Mumbai: In a move that will make it easier for smaller banks to comply with Reserve Bank of India’s (RBI’s) prudential norms, the central bank has allowed lenders to recognise deposits of up to Rs 7.5 crore by small businesses for purpose of maintaining liquidity coverage ratio (LCR). The earlier threshold for a deposit being part of the LCR was Rs 5 crore.
“While the circular intends to align the definition of small business customer across different circulars, it will also have a collateral impact of improving LCR for banks,” said an analyst. The LCR requirement was introduced as part of post-Global Financial Crisis (GFC) reforms by the Basel Committee on Banking Supervision (BCBS) — the international association of banking regulators. The idea behind this is that a bank should at all times have liquid assets to meet 30 days’ net outgo under stressed conditions.
The LCR is measured by dividing the value of high-quality liquid assets (including government bonds) that a bank holds by the expected outgo in 30 days. While measuring outflows, small business deposits are considered as sticky deposits with lower run-off. When the ticket size of small deposits is increased from Rs 5 crore to Rs 7.5 crore, it means that the quantum of hot money that can go out will decrease and thus improve the bank’s LCR.
The revision in LCR norms comes at a time when the RBI is normalising some of the liquidity that it has created for banks to tide over the pandemic.

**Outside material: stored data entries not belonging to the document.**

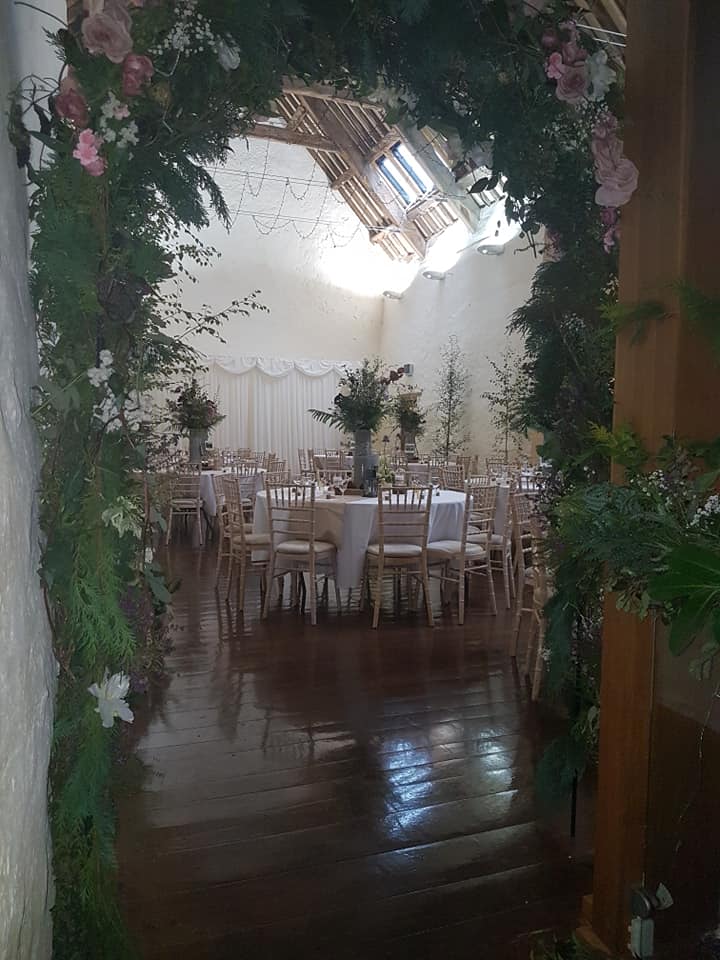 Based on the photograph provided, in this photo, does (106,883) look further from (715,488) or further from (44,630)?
(715,488)

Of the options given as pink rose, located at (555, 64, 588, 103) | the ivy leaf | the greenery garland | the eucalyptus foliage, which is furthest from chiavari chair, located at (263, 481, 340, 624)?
the eucalyptus foliage

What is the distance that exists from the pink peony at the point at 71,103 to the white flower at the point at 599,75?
4.04 feet

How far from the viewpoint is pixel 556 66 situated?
1.78m

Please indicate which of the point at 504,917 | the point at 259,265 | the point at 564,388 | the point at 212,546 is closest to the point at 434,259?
the point at 259,265

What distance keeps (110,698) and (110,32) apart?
1.35 m

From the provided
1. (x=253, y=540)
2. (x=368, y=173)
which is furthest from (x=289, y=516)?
(x=368, y=173)

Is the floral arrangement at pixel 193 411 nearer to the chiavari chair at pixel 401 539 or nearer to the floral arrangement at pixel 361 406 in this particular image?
the floral arrangement at pixel 361 406

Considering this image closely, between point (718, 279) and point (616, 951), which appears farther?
point (616, 951)

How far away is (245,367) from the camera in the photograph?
539 inches

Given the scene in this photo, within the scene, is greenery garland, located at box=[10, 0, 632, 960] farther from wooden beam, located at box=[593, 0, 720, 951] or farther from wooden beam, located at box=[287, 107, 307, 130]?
wooden beam, located at box=[287, 107, 307, 130]

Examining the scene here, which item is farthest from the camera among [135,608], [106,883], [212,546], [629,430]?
[212,546]

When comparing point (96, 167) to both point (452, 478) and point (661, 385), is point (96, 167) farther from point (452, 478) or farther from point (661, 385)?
Result: point (452, 478)

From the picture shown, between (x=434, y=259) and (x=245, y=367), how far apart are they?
→ 408 centimetres

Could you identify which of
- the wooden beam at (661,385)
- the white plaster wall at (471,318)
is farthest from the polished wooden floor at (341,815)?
the white plaster wall at (471,318)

Corporate deposits are considered as hot money and not stable deposits as they are parked for business use. Smaller deposits are considered stable as they also form part of savings. “With the objective to better align our guidelines with the BCBS standard and enable banks to manage liquidity risk more effectively, it has been decided to increase the threshold limit for deposits and other extensions of funds made by non-financial small business customers,” the RBI said in a circular.